Si fa male in estate Emerson.

Perderà mezzo torneo. Batistuta si scatena. Ha la doppietta facile. E comincia a sparare all’Olimpico e fuori. Ha il 18 sulle spalle. Gli hanno premesso il 9, Montella se lo tiene stretto. E comincia la sfida al nuovo centravanti e a Capello, l’apice alla penultima giornata quando prima di entrare in campo a fine partita lanciò una bottiglietta d’acqua all’allenatore. La rivalità nello spogliatoio sarà la chiave del trionfo. Anche perché il terzo attaccante titolare, con il Re Leone e Totti, è Delvecchio, il pupillo del tecnico che lo ritiene preziosissimo. Sta largo e permette alla Roma di cambiare il sistema di gioco in partita. Capello si difende con quattro giocatori, si attacca lasciandone poi tre a proteggere Antonioli. Bastano e avanzano Zebina, Samuel e Zago. Cafu fa l’ala, Delvecchio pure, alle sue spalle sbuca sempre Candela. A correre pensa Tommasi. Zanetti è il vice Emerson: in regia è più svelto di quanto si possa pensare. Davanti Batigol e Totti si dedicano al tiro a bersaglio.

DOPPIA RIMONTA

L’acquisto di Batistuta ha indirizzato la stagione. Altre tappe hanno poi certificato la supremazia giallorossa. La doppietta del Re Leone al Tardini, con Emerson finalmente a disposizione, per vincere in rimonta contro il Parma, non quello di oggi che comunque riavrà, anche in B, Buffon in porta. La giornata della vittoria sarà però la numero 29. Dopo ne mancheranno solo cinque e Capello riuscirà a conservare il vantaggio che è comunque di sicurezza. Il 6 maggio a Torino è come se ci fosse in palio lo scudetto. Al Delle Alpi, quello che non è mai piaciuto all’Avvocato, freddo e distante dal centro città, e che oggi è l’Allianz Stadium. La Roma, la settimana precedente, è stata raggiunta dalla Lazio nel derby, pur partendo da 2 reti di vantaggio, con Batistuta e Delvecchio, prima di quelle di Nedved e Castroman in extremis. Con la Juventus accade l’esatto contrario. Uno-due dei bianconeri appena entrati in campo: Del Piero e Zidane. All’intervallo i giallorossi, rischiando la goleada, arrivano sotto di 2 gol.

Proprio Ancelotti, l’ex romanista caduto l’anno prima nel duello con la Lazio e scivolato sul più bello sotto il diluvio di Perugia, si sta mettendo di traverso nella volata.
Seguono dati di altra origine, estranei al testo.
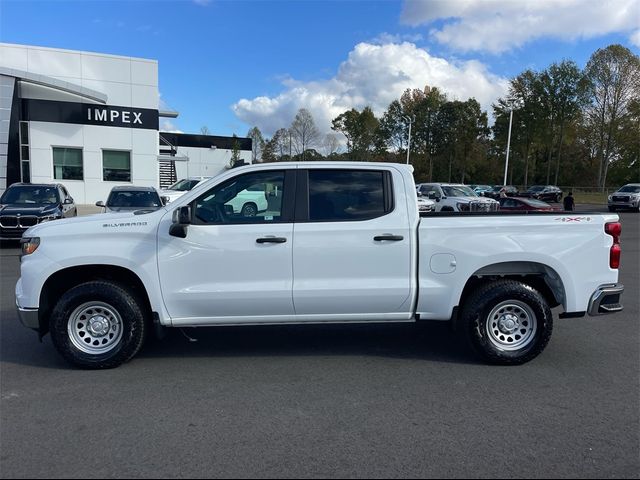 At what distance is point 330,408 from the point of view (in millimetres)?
4016

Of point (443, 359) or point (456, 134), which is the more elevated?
point (456, 134)

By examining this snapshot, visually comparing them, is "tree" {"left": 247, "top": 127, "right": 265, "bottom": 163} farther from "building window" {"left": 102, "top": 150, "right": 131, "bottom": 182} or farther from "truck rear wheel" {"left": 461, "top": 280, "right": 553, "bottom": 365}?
"truck rear wheel" {"left": 461, "top": 280, "right": 553, "bottom": 365}

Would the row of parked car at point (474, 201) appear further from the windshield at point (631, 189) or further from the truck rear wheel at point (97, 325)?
the truck rear wheel at point (97, 325)

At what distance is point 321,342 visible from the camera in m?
5.77

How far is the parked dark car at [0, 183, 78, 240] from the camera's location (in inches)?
504

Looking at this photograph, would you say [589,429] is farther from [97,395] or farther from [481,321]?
[97,395]

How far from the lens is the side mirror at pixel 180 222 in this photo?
4.60m

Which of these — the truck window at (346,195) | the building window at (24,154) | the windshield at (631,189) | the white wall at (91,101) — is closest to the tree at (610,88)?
the windshield at (631,189)

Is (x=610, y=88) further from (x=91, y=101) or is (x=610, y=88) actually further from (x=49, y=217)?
(x=49, y=217)

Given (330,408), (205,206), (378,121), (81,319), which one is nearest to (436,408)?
(330,408)

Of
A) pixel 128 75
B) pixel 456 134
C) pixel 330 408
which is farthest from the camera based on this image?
pixel 456 134

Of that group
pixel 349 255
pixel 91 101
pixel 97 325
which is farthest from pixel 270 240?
pixel 91 101

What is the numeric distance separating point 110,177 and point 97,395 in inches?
976

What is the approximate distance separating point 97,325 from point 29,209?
9.86m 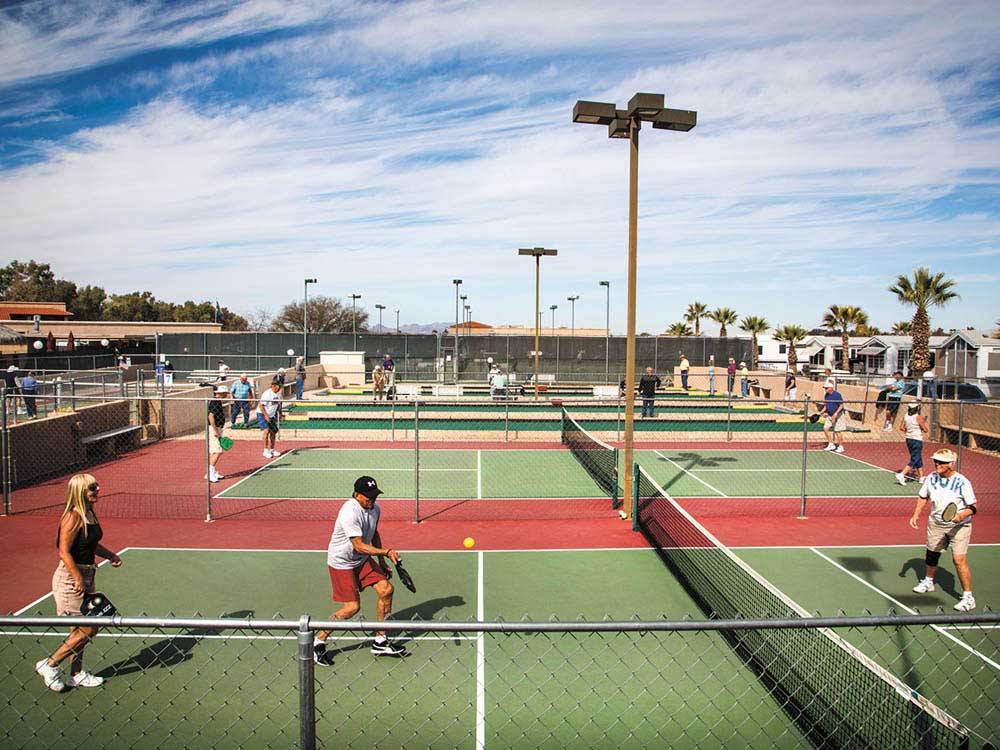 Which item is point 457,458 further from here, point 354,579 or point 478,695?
point 478,695

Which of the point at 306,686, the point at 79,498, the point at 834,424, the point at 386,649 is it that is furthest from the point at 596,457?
the point at 306,686

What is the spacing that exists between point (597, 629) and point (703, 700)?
13.4ft

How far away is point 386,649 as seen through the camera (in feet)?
22.9

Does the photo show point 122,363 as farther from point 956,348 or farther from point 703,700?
point 956,348

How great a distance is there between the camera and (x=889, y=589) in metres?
9.38

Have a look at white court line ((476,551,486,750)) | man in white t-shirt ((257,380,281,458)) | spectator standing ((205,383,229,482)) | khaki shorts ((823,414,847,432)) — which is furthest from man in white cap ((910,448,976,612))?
man in white t-shirt ((257,380,281,458))

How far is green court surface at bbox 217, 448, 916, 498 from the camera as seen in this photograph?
15.2m

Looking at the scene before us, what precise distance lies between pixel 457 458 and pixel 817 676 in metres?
14.2

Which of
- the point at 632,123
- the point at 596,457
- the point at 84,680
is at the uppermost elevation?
the point at 632,123

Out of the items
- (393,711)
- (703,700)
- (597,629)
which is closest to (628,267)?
(703,700)

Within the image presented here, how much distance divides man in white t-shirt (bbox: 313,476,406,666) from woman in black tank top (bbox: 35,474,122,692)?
2.12m

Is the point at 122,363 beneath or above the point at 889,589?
above

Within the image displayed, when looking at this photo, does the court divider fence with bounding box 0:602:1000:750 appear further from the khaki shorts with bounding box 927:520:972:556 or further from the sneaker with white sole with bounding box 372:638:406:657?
the khaki shorts with bounding box 927:520:972:556

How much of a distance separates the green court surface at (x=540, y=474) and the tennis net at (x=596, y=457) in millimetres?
233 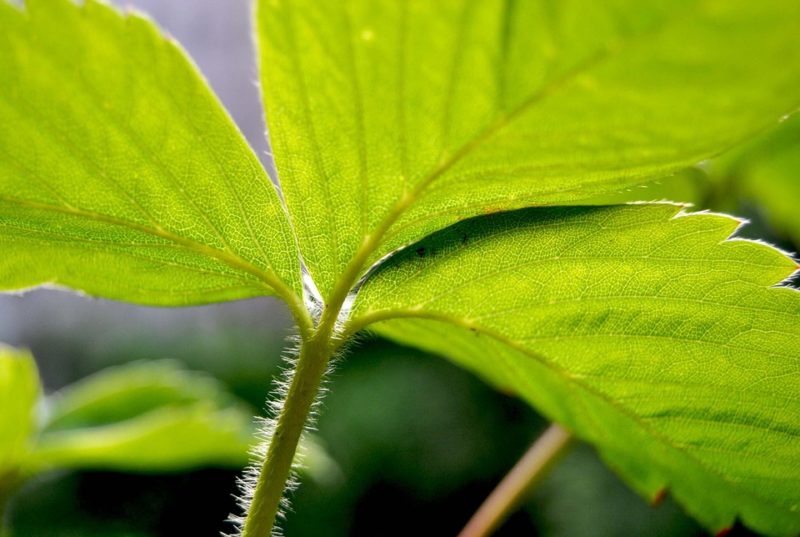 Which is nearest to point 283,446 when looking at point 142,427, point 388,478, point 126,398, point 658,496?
point 658,496

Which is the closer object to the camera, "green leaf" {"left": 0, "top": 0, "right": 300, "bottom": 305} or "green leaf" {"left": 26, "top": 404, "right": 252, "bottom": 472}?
"green leaf" {"left": 0, "top": 0, "right": 300, "bottom": 305}

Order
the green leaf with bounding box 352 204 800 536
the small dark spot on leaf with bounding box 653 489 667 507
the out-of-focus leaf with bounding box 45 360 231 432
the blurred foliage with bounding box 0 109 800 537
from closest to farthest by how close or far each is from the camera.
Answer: the green leaf with bounding box 352 204 800 536, the small dark spot on leaf with bounding box 653 489 667 507, the out-of-focus leaf with bounding box 45 360 231 432, the blurred foliage with bounding box 0 109 800 537

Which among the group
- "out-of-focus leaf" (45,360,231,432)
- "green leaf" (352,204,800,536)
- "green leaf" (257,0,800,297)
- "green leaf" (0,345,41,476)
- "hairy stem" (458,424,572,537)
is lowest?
"out-of-focus leaf" (45,360,231,432)

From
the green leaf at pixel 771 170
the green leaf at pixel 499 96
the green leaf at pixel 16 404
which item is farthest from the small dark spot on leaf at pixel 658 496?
the green leaf at pixel 16 404

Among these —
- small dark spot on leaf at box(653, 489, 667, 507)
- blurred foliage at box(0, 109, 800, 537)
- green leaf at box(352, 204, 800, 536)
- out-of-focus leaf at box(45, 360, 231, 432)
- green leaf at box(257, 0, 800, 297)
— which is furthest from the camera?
blurred foliage at box(0, 109, 800, 537)

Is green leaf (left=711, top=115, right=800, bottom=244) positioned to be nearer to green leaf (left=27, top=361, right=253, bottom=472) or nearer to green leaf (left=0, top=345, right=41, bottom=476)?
green leaf (left=27, top=361, right=253, bottom=472)

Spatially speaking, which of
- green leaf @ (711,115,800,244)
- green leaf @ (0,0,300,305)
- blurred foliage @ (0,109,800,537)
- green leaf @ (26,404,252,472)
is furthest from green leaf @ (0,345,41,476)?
green leaf @ (711,115,800,244)

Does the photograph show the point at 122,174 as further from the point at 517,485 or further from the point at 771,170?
the point at 771,170
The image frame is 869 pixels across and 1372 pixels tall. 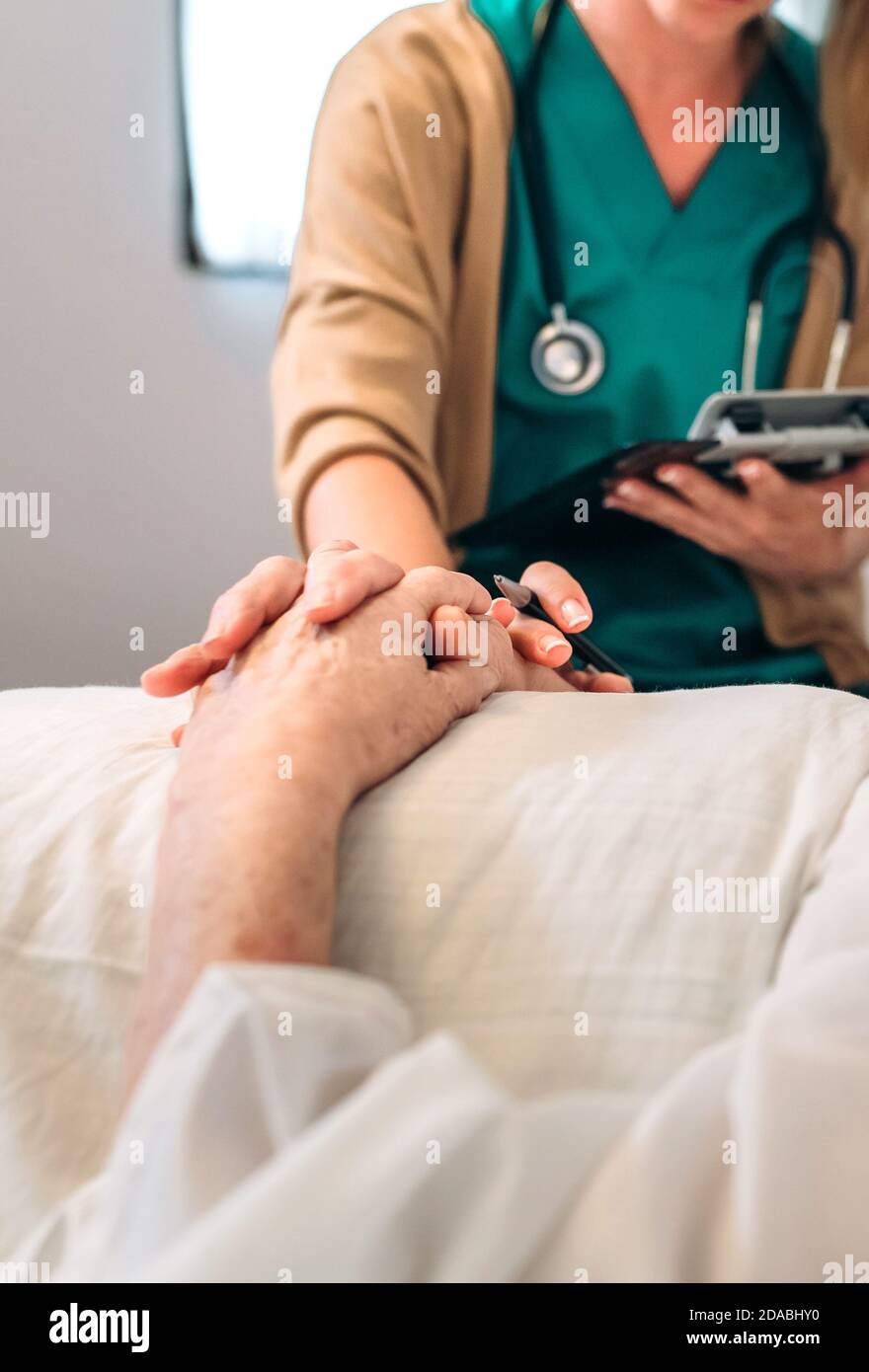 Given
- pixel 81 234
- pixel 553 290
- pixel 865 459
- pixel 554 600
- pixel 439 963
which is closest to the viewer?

Capello, però, interviene per cambiare la storia del match inserendo subito Montella per Delvecchio e dopo un’ora Nakata per Totti. Fuori due titolari, decisivi fino a quel momento nella corsa scudetto. La prima rete è proprio del giapponese, l’altra in acrobazia, dopo respinta difettosa di van der Sar, dell’Aeroplanino. Così restano 5 i punti di vantaggio, a 5 giornate dal traguardo, sulla Lazio campione d’Italia e 6 sulla Juventus che poi arriverà seconda.

SVOLTA FUORI CAMPO

Il 2-2 è meritato. E avvicina la Roma al titolo. Il risultato, però, non è tutto. Il dg bianconero Moggi iniziò a protestare già la sera del 4 maggio, cioè due giorni prima dello scontro diretto. Non accettò la decisione della Corte Federale di cambiare in corsa la norma sugli extracomunitari. Accolta, anche a sorpresa perché sul finire del torneo, la richiesta di tre big: il Milan, l’Inter e soprattutto la Lazio. Che indirettamente agevolò proprio la Roma. Fino a quel momento, tesserabili 5 extracomunitari e utilizzabili 3. La Roma a Torino ha avuto la possibilità di schierare subito i suoi 5. Le sostituzioni pesano sul verdetto, facendo infuriare la dirigenza della Juve. Con Nakata, cambio per Totti, quella notte entrò pure Assunçao per Zanetti. La rosa di Capello dimostrò a quel punto di essere la migliore in quella stagione. La coincidenza curiosa nelle puntate conclusive: Braschi della sezione di Prato, l’arbitro dei tre match scudetto. Nel derby, a Torino con la Juve e per la festa all’Olimpico con il Parma. Il 17 giugno segnarono Totti, Montella e Batistuta. A firmare il copione, Capello.